Wykazanie własnej przydatności:
Tym sposobem dochodzimy do kolejnego punktu: posiadanie stanowiska zarządzającego w dużej firmie niestety nadal oznacza, że mamy kogoś nad sobą. Tym kimś może być właściciel, rada nadzorcza (i zgromadzenie akcjonariuszy), fundusz inwestycyjny, wierzyciele albo państwo. Jeśli firma cienko przędzie, jej dochody zmniejszyły się lub konieczne są działania ratownicze należy w jakiś sposób uzasadnić swoją w niej obecność. Inaczej możemy pożegnać się ze swoim stanowiskiem.
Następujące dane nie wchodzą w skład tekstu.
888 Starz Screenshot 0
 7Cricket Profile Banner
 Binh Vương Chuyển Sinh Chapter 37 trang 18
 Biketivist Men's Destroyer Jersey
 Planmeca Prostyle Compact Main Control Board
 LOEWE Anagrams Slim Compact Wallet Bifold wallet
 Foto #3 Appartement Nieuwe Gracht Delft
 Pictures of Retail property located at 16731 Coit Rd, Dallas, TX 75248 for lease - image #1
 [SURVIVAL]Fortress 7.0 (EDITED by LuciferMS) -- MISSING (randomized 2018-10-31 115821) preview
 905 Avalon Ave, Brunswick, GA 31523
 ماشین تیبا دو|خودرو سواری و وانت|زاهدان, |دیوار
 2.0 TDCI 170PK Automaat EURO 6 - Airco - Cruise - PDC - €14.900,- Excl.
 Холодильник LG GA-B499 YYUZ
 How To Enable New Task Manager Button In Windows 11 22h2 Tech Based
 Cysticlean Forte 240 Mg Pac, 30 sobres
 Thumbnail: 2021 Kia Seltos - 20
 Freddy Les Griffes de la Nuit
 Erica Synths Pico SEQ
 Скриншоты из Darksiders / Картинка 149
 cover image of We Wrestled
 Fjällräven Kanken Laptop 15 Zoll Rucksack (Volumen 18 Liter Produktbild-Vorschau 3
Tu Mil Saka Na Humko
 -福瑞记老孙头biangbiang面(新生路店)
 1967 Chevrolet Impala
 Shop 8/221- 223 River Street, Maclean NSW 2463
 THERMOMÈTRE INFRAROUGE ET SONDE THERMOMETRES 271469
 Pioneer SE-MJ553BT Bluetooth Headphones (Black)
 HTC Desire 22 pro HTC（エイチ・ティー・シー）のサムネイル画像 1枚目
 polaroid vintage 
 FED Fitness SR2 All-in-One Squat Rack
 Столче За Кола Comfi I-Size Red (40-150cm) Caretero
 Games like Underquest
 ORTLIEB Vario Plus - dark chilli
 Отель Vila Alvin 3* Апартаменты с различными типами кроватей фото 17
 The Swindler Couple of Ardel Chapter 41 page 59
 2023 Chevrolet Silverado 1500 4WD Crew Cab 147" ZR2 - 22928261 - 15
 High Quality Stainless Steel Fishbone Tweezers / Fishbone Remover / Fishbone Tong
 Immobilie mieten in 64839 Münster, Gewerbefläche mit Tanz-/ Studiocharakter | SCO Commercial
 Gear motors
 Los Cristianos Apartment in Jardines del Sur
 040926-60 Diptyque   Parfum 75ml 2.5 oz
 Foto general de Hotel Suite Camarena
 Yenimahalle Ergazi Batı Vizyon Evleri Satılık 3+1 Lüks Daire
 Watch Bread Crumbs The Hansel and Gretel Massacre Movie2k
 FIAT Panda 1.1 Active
Jednym ze sposobów jest rozpoczęcie znacznego, efektownego projektu, którego zadaniem ma być rzucenie na kolana naszych przełożonych i olśnienie ich przyszłym zyskiem. Jeśli projekt się uda, to jesteśmy uratowani…
Jeśli się nie uda…
To wbrew pozorom lepiej jest spadać z wysokiego konia. Duże projekty to duże ryzyko. Nikt nie jest w stanie z góry przewiedzieć ich sukcesu lub porażki. Klęska w realizowaniu takiego nie jest wiec żadną porażką. W odróżnieniu od klęski w codziennym zarządzaniu.
Maksymalizacji zatrudnienia:
Zachowanie typowe dla polskiej strefy kultury, włączając TVP od czasów najdawniejszych, po dzień dzisiejszy. Zasadniczo, jeśli w czymś tylko są pieniądze dużych, państwowych molochów, jak TVP czy Polski Instytut Filmowy, to natychmiast traci to jakiekolwiek, racjonalne podstawy, a działalność zmienia się w misję. Misją tą nie jest tworzenie produkcji, które odniosłyby sukces, zarabiałyby na siebie, miały wartość edukacyjną, wychowawczą lub rozrywkową czy też komukolwiek się podobały. Ich celem jest zatrudnienie jak największej ilości ludzi i danie im zarobku.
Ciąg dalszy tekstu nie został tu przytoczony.